Wild horse specialists work to keep herd numbers at specific levels for each management area, but the animals don’t recognize the invisible boundaries. Managers could work diligently to keep the wild horse population at a desirable level, only to find horses from other management areas move in.
Tracking Wyoming’s wild horses
About 6,500 wild horses roam the rangelands of Wyoming. The horses are beloved by some as a symbol of the West and despised by others as feral animals competing with livestock for rangeland resources. They cost the Bureau of Land Management millions of dollars to manage. Yet little is known about how wild horses use the landscape.
A new study from the University of Wyoming and the BLM is hoping to change that.
In mid-December researchers will collar 20 mares in the 400,000-acre Adobe Town Herd Management Area. The collars will collect data on the animals’ movements across the checkerboard of public and private land for the next two years.
The study is one of the first to track wild horse movements in the United States, said Derek Scasta, assistant professor and extension rangeland specialist at the University of Wyoming.
“No matter your position on wild horses, we don’t know enough about their ecology — as we should,” he said.
Satellite-tracked collars will show how the horses move and give insight into how they select resources and what vegetation they prefer.
Scasta will use the data from the collars and information on vegetation in the areas the animals use, to determine not just where the horses go, but when and why.
“It’s amazing these horses survive Wyoming winters,” Scasta said. “So what site selection do they have to go through to do that?”
Wild horses also move between public and private land, and between different management areas.
Wild horse specialists work to keep herd numbers at specific levels for each management area, but the animals don’t recognize the invisible boundaries. Managers could work diligently to keep the wild horse population at a desirable level, only to find horses from other management areas move in, said Tim Novotny, assistant field manager for resources in the Rawlins BLM office.
Data gathered in the study can help the agency make decisions on management issues, such as how a proposed water development for livestock or other wildlife might impact the horses, Novotny said. The area also has oil and gas development, and how the horses react to drilling areas could help guide future development. Novotny said they want to see if the horses avoid developed areas, and if they return to those places once drilling is done.

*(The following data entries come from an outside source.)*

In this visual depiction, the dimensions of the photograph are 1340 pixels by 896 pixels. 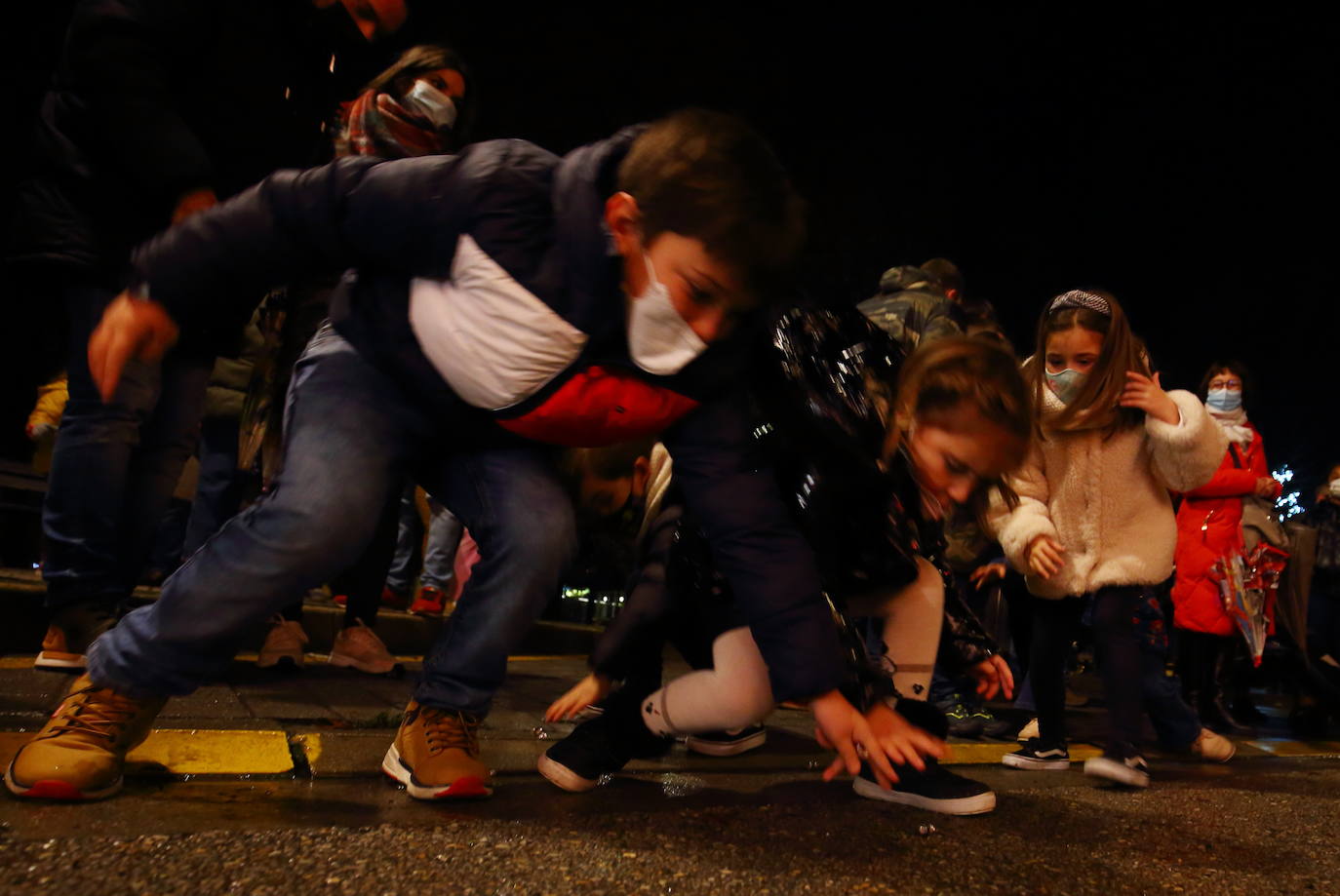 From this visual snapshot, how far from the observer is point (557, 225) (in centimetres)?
156

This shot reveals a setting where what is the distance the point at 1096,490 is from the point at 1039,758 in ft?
2.67

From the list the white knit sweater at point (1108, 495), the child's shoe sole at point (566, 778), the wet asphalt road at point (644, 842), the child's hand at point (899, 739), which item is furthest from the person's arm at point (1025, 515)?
the child's shoe sole at point (566, 778)

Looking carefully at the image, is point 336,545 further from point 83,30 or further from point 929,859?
point 83,30

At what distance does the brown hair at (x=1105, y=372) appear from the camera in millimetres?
2768

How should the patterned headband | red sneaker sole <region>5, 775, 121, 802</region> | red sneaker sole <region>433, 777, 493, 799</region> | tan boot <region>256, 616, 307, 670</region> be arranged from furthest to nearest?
tan boot <region>256, 616, 307, 670</region>, the patterned headband, red sneaker sole <region>433, 777, 493, 799</region>, red sneaker sole <region>5, 775, 121, 802</region>

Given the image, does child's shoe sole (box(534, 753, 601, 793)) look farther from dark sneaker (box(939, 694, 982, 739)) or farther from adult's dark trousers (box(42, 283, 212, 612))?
dark sneaker (box(939, 694, 982, 739))

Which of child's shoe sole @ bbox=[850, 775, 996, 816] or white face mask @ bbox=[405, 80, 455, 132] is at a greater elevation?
white face mask @ bbox=[405, 80, 455, 132]

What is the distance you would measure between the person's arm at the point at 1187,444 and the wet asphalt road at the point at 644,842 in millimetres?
899

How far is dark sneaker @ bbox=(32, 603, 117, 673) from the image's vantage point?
2459mm

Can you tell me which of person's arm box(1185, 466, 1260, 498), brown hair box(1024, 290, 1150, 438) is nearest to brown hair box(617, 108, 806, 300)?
brown hair box(1024, 290, 1150, 438)

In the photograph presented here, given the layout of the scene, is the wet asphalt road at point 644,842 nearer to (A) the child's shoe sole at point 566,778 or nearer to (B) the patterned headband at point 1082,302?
(A) the child's shoe sole at point 566,778

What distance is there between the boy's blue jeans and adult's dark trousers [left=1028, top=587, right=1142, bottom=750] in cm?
173

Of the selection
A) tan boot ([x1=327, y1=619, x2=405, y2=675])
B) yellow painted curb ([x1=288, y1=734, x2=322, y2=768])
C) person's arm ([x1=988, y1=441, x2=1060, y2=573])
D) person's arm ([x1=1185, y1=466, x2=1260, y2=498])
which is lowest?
tan boot ([x1=327, y1=619, x2=405, y2=675])

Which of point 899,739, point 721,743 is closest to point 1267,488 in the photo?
point 721,743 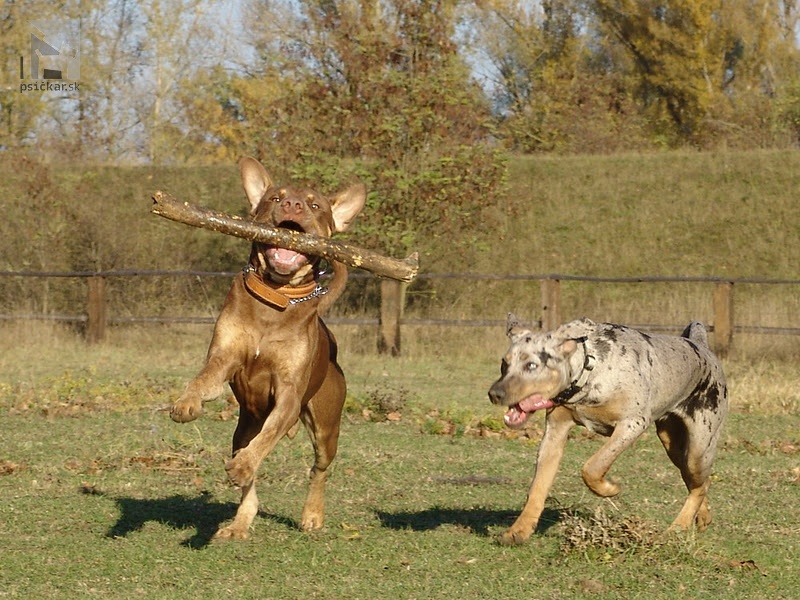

The BLM will use bait trapping to collar the horses. Novotny said the goal is to capture about 150 mares in order to collar 20. That should ensure the tracked animals come from different herds using different parts of the landscape within the Adobe Town management area.
Other countries have conducted similar research, but after horses died in studies in 1986 and 1991 in the United States, scientists stopped using collars on the animals. Technology has improved since then, Scasta said. Collars are better designed now and when properly used are safe for the animals, he said.
Scientists can push a button and the collars will drop off. They don’t have to capture and handle the animals a second time to gather the data, Scasta said. These types of satellite collars have successfully been used on other animals and birds, such as bears, wolves and sage grouse.
The BLM is charged with managing wild horses to preserve the health of both the animals and rangeland. Strategies include gathering animals when populations are high and putting them in holding facilities in hopes they’ll be adopted, or administering birth control to slow reproduction in herds.
There are more than 67,000 horses and burros roaming free in the United States, Scasta said. That is far more than the 26,000 the agency believes is the appropriate number for herd and rangeland health. Meanwhile, another 45,000 wild horses and burros are already off range in holding facilities.
“That’s why this is a difficult issue,” Scasta said. “That costs a lot of money.”
Animal rights groups have focused efforts on ensuring killing the animals is not part of the government’s strategy. Scasta emphasized the study isn’t about finding ways to eliminate the animals, but to learn how to better manage them.
“We have to co-exist,” he said. Humans and horses share the landscape, but they have to learn to do it well, he said. The study is the first step.